Historically, theatrical and musical performance spaces have been designed in
such a way that the architecture would provide sufficient natural acoustic
amplification for a production [17]. In modern times, the push for greater
audience capacity, the use of “multi-purpose” performance spaces and changes in
performance type and orchestration have each necessitated the use of electronic
amplification for the reinforcement of voice and music [103, 108].
Sound reinforcement systems containing microphones and loudspeakers
are used to capture, amplify and distribute sound in an attempt to provide the
desired sound quality, sound level and speech intelligibility to an entire audience.

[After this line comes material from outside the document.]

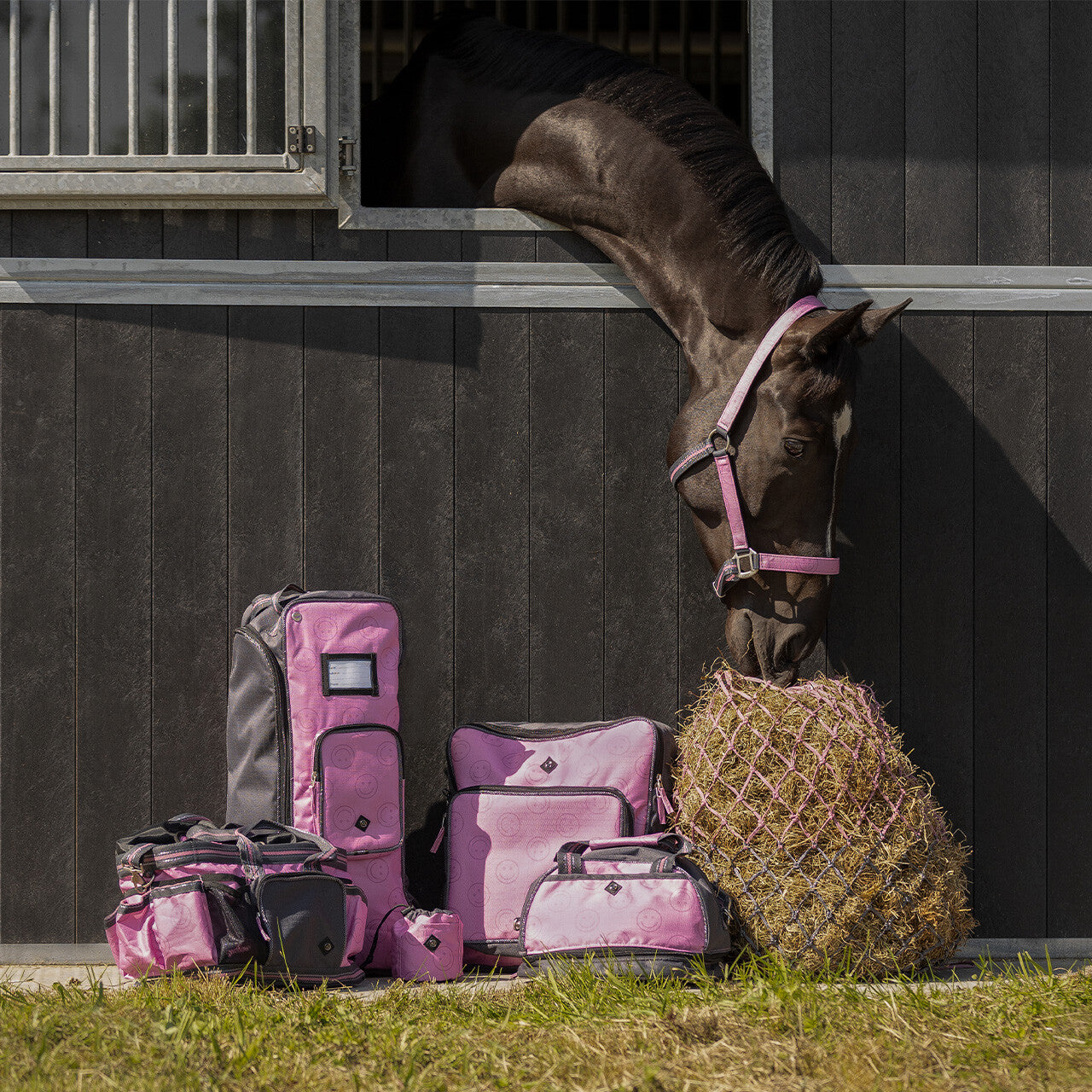 Safety helmet bag collection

Several physical factors can affect speech intelligibility: Temporal distortion
(smearing or loss of articulation), signal-to-noise ratio (the level of speech vs. the
level of background noise/music) and frequency response irregularities (tonal
coloration) [110]. One of the aims of sound reinforcement is to increase speech
intelligibility by increasing its signal-to-noise ratio while adding minimal tonal
coloration and temporal distortion.
In live theatrical performances, the preservation of the intelligibility of
reinforced speech presents sound engineers with many challenges. Currently,
several factors that affect speech intelligibility have been explored (e.g. [77, 107,
117, 143]). However, limitations of current measurement methods have hindered
progress toward the quantification of certain effects of the sound reinforcement
system itself on the intelligibility of the speech it is reinforcing [113, 114].

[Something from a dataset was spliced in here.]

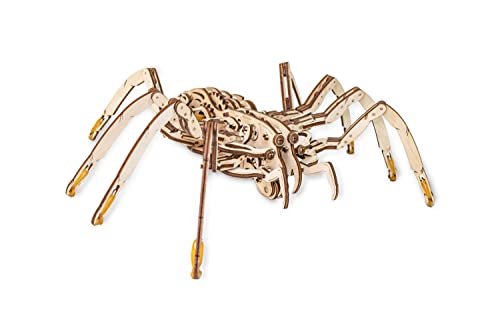 EWA Eco-Wood-Art Spider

A single loudspeaker is often insufficient to meet the coverage and/or
sound level requirements of a production [47, 124]. Thus, multiple loudspeakers,
oriented into arrays, are often employed [56, 61, 174]. Whether grouped tightly
2
together or located some distance apart, there will be some difference in distance
between each loudspeaker and an audience member [1, 124]. Differences in
distance translate to differences in the travel time of sound, resulting in multiple
arrivals: Time-delayed copies of the reinforced signal arriving and summing at a
listener. The summation of multiple time-delayed sound signals results in a
pattern of undesirable frequency response irregularities known as comb-filters [42,
46].
The negative effects of comb-filtering can be combated. Time-delays can
be electronically added to speaker signals, in an attempt to align, or intentionally
misalign, the timing of the arrivals of multiple loudspeaker broadcasts at the
location of an individual listener in the audience [11, 94, 124]. As there are many
listeners in an audience, it is physically impossible to achieve ideal loudspeaker
time-alignment for every seat in an audience. Sound engineers are forced to
select points within the audience where the signals from multiple loudspeakers
will be aligned in time.
There are several differing theories regarding how to decide alignment
locations [4, 11, 28, 42, 53, 124, 131] but to date, none have addressed the effects
on intelligibility for the surrounding locations which are not time-aligned [115].

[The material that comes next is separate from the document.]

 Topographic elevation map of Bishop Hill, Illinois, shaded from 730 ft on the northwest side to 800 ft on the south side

Research (e.g. [130, 170]) has shown that non-aligned multiple arrivals can
negatively affect intelligibility. This same research has also shown that alignment
through the use of electronic delay compensation can ameliorate the problem at
specific audience locations. However, most studies used electronic intelligibility
estimation methods and were limited in the number and types of loudspeaker
arrays studied. Through the use of subjective evaluation and objective
measurement methods, this series of studies will expand upon the body of
literature, delineating the specific effects of delay time and two specific array
geometries on the intelligibility of reproduced speech.
1.1 Motivation
In recent years, work has been done to examine the physical and electrical
aspects of sound system design and optimization [28, 42, 124]. It is known that
3
physical factors such as comb-filtering have a negative impact on subjective

factors such as tone quality. The problem, however, of identifying and
quantifying the correlation between sound system resultant comb-filtering and the
subjective factor of speech intelligibility has not been sufficiently addressed to
date [110]. As such, sound engineers are forced to make sound system
optimization decisions regarding multiple-loudspeaker time alignment based on
an incomplete understanding of the effects on the audience’s overall subjective
experience. Through analysis of the impact of comb-filtering and loudspeaker
time alignment, this research project presents a novel approach towards
investigating, measuring and hopefully improving the intelligibility of reinforced
speech.
The resulting data obtained in this research will provide sound engineers
with a more complete understanding of the relationship between multiple-
loudspeaker time alignment and speech intelligibility. Data from subjective
testing will also be compared with results from electronic intelligibility estimation
methods to determine whether these methods are in fact sensitive enough to
account for the effects of comb-filtering.
1.2 Project Overview
While there are several physical measurement systems, such as Speech

Transmission Index and Articulation Index, that are available to estimate the level
of speech intelligibility produced by sound systems and other transmission
methods [41, 51, 58, 104], each system contains inherent errors and no system is
currently believed sensitive enough to accurately predict the effects of comb-
filtering [110, 117]. The most accurate method for assessing speech intelligibility
remains the administration of listening tests to human subjects [110].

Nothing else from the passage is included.